## Task requirements
Once the line with "Белый Мерседес Sprinter, объемом" is found in the entries below, repeat it and each following line exactly, up to and including the line with "Hermosa Mujer Jersey". Add no other lines.

[[ Raw data, beginning ]]

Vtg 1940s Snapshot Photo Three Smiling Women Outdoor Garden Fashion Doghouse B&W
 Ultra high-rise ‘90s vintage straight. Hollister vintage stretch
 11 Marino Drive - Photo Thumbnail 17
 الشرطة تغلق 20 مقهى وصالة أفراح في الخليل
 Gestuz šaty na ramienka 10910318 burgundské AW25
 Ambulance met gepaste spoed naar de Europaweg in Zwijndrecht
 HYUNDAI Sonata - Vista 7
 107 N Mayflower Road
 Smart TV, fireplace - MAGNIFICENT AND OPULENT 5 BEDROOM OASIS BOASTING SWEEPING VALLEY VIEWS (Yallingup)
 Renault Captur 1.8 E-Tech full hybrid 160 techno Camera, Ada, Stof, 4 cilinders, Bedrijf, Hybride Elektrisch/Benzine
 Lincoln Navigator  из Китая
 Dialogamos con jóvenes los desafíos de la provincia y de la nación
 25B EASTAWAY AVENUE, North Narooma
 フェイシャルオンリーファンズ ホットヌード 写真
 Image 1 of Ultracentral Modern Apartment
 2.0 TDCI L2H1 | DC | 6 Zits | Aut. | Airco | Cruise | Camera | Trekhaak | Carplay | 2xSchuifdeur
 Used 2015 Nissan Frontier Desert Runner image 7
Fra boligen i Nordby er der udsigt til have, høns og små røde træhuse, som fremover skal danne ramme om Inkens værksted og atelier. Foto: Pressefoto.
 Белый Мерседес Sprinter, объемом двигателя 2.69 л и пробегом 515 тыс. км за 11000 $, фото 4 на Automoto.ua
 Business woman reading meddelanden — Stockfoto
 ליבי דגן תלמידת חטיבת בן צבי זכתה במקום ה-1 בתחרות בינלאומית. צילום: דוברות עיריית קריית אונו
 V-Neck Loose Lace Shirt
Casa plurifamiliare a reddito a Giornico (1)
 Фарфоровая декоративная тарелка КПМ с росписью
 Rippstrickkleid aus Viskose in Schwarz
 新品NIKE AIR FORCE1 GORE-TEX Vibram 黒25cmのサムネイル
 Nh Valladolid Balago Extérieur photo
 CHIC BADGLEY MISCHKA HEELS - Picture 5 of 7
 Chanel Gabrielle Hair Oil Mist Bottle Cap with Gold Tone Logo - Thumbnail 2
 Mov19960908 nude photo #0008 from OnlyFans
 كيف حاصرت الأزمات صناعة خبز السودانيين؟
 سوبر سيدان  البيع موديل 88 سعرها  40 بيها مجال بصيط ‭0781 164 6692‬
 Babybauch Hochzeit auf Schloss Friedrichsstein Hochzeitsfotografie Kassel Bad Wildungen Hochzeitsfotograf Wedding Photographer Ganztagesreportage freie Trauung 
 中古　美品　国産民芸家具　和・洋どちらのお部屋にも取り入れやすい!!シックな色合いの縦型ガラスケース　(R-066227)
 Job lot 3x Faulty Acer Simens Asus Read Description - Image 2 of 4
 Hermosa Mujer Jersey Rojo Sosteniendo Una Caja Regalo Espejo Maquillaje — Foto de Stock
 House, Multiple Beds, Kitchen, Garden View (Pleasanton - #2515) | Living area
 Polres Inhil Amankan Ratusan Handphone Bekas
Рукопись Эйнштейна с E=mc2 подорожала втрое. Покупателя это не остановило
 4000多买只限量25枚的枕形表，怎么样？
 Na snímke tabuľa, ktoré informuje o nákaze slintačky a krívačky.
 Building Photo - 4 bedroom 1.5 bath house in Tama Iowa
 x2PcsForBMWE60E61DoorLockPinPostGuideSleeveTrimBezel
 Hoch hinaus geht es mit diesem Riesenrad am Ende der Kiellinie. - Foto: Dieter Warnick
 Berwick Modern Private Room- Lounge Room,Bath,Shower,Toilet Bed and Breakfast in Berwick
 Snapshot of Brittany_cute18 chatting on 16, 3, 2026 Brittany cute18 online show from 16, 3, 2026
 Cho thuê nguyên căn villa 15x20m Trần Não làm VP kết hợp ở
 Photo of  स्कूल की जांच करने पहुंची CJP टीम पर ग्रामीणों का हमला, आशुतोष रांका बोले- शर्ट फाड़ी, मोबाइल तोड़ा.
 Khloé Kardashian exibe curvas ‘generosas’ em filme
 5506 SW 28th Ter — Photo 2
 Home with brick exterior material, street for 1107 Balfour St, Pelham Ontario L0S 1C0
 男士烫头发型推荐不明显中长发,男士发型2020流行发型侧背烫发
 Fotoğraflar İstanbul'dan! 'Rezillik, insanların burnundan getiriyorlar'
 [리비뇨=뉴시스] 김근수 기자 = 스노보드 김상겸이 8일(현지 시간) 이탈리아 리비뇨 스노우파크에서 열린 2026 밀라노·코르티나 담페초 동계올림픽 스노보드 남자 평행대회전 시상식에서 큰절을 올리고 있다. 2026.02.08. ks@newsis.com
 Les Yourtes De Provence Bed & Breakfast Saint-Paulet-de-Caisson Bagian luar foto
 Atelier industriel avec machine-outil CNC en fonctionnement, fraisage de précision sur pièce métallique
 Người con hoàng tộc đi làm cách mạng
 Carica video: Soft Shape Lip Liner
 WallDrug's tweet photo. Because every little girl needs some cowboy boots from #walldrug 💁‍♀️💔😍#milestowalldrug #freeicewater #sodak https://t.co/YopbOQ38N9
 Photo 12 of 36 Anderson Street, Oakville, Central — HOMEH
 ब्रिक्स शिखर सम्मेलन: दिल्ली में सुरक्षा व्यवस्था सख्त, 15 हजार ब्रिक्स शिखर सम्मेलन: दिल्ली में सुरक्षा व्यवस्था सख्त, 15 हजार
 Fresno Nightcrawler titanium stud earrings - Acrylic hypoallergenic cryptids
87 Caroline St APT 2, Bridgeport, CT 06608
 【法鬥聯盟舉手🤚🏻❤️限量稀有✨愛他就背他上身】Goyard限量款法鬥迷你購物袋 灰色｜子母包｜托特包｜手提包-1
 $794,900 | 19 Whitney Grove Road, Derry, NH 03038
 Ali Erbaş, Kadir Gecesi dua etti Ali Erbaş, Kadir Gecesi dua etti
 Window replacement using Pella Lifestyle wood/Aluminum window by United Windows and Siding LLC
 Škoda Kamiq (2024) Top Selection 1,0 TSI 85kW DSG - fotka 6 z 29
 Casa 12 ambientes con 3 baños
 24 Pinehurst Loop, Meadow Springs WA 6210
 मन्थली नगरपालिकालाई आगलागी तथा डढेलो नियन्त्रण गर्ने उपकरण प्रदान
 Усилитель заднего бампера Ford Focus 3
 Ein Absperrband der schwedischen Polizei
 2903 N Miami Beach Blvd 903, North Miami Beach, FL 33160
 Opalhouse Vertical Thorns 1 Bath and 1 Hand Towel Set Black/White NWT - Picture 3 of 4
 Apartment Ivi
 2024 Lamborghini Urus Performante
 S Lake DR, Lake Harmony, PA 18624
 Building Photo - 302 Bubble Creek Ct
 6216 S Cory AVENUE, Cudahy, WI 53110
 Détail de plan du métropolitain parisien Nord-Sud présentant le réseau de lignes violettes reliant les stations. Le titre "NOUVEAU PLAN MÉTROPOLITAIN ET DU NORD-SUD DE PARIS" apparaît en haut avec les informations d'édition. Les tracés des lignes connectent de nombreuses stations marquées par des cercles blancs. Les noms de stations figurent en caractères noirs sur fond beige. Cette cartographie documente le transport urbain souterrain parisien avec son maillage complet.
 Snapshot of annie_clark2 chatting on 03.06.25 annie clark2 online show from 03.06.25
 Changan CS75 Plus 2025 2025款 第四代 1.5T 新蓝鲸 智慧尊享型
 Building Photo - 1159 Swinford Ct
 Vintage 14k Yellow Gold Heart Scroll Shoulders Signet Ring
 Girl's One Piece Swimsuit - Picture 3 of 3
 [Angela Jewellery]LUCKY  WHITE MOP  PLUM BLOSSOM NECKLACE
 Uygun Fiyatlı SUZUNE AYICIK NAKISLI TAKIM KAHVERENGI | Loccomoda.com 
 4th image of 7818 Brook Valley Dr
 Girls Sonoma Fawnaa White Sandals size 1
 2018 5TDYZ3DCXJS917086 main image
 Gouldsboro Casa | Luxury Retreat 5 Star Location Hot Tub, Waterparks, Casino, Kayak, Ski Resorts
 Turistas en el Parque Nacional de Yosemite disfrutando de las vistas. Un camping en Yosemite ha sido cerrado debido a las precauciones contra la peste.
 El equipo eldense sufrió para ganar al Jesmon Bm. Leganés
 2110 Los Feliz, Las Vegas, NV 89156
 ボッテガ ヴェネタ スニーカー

[[ Raw data, end ]]

## Solved exercise
 Белый Мерседес Sprinter, объемом двигателя 2.69 л и пробегом 515 тыс. км за 11000 $, фото 4 на Automoto.ua
 Business woman reading meddelanden — Stockfoto
 ליבי דגן תלמידת חטיבת בן צבי זכתה במקום ה-1 בתחרות בינלאומית. צילום: דוברות עיריית קריית אונו
 V-Neck Loose Lace Shirt
Casa plurifamiliare a reddito a Giornico (1)
 Фарфоровая декоративная тарелка КПМ с росписью
 Rippstrickkleid aus Viskose in Schwarz
 新品NIKE AIR FORCE1 GORE-TEX Vibram 黒25cmのサムネイル
 Nh Valladolid Balago Extérieur photo
 CHIC BADGLEY MISCHKA HEELS - Picture 5 of 7
 Chanel Gabrielle Hair Oil Mist Bottle Cap with Gold Tone Logo - Thumbnail 2
 Mov19960908 nude photo #0008 from OnlyFans
 كيف حاصرت الأزمات صناعة خبز السودانيين؟
 سوبر سيدان  البيع موديل 88 سعرها  40 بيها مجال بصيط ‭0781 164 6692‬
 Babybauch Hochzeit auf Schloss Friedrichsstein Hochzeitsfotografie Kassel Bad Wildungen Hochzeitsfotograf Wedding Photographer Ganztagesreportage freie Trauung 
 中古　美品　国産民芸家具　和・洋どちらのお部屋にも取り入れやすい!!シックな色合いの縦型ガラスケース　(R-066227)
 Job lot 3x Faulty Acer Simens Asus Read Description - Image 2 of 4
 Hermosa Mujer Jersey Rojo Sosteniendo Una Caja Regalo Espejo Maquillaje — Foto de Stock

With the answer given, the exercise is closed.